Freedom doesn’t need organizers, it needs everyone to take an active
role in the fight and to refuse to put eachother on dehumanizing
pedestals in the process.
We can’t wait for others to fight for our freedom. As always, the secret
is to begin.
The role of ‘organizer’ is a specialized position, that is it is never
something someone can just do but only a certain kind of person can do.
Even in an ‘informal movement, it is a position that separates a
‘leadership’ from the struggle. Like all specialized roles, it creates a
dynamic of spectatorship — rather than encouraging people to just do the
damn thing and be active participants in the struggle for their
liberation, it tells them to wait for the organizers to do everything
for them, all they have to do is show up.

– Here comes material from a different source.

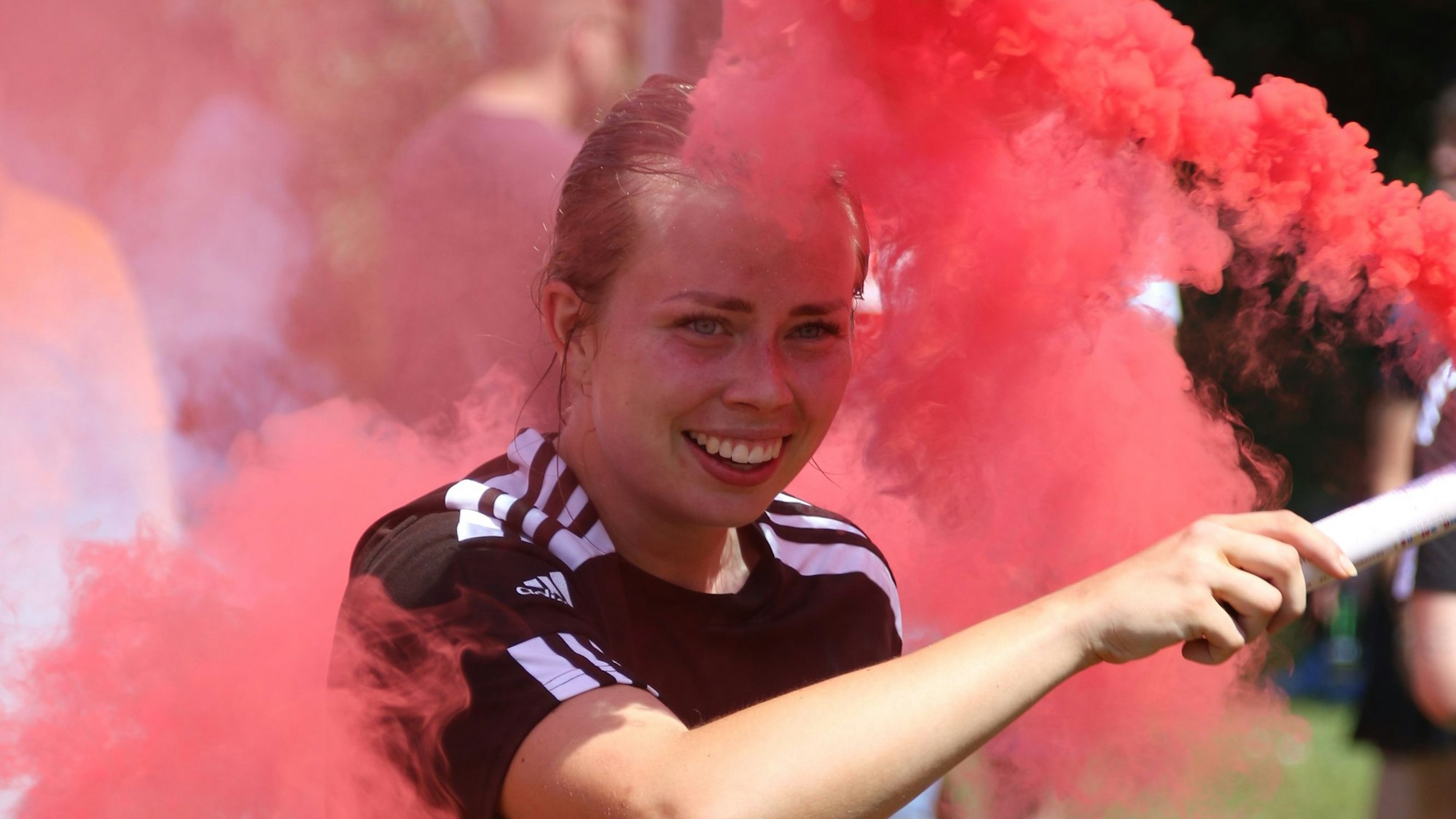 Sina-Marie Sendscheid mit einer bengalischen Fackel, die roten Rauch ausstrahlt.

Even the best intentioned and most aware organizers perpetrate this
because the issue is with the very position of the organizer — always
separated from everyone and everything else. For the organizer to exist
there must be people to be organized, not active participants making
shit happen themselves.
More intentionally, organizers will hoard access to resources — money,
tools, social connections — that they simply will not share. If they are
a part of particular organizations, they will make the barrier to access
entry into said organization where you will most likely continue to
remain a spectator. To protect their position of power they will create
a hostile environment around organizing, or lie about needing to be a
particular kind of person or have particular kinds of skills to do it.
The truth is, anything organizers can do everyone can do, and for the
sake of us and our freedom, as well as the well being of the organizers,
we must do it and in the process knock them off their pedestals and make
the irrelevant.
Organizers and leaders have a tendency to create both formal and
informal hierarchies. No one person is so critically important to the
struggle that without them it would all fall apart, but the culture
built around organizers and organizing that puts them on a pedestal
creates that illusion.
This creates a perfect set up for abuse of power (which is a constant
when power is involved.) We’re sure most people have heard something
similar to this before — Yeah what they did isn’t okay but they do such
good work? When people are conflated with the struggle they are apart of
accountability is nearly impossible.
The excuses are endless, ‘there’s too much going on right now, can we
discuss this another time?/You’re just trying to delegitimize my
work/this is COINTELPRO/ You’re an infiltrator.’ On top of that, the
tendency to deify organizers creates a blind following that will defend
them no matter what — it’s these dynamics that contribute to an
entrenchment of racism and its apologism, of abuse and its apologism.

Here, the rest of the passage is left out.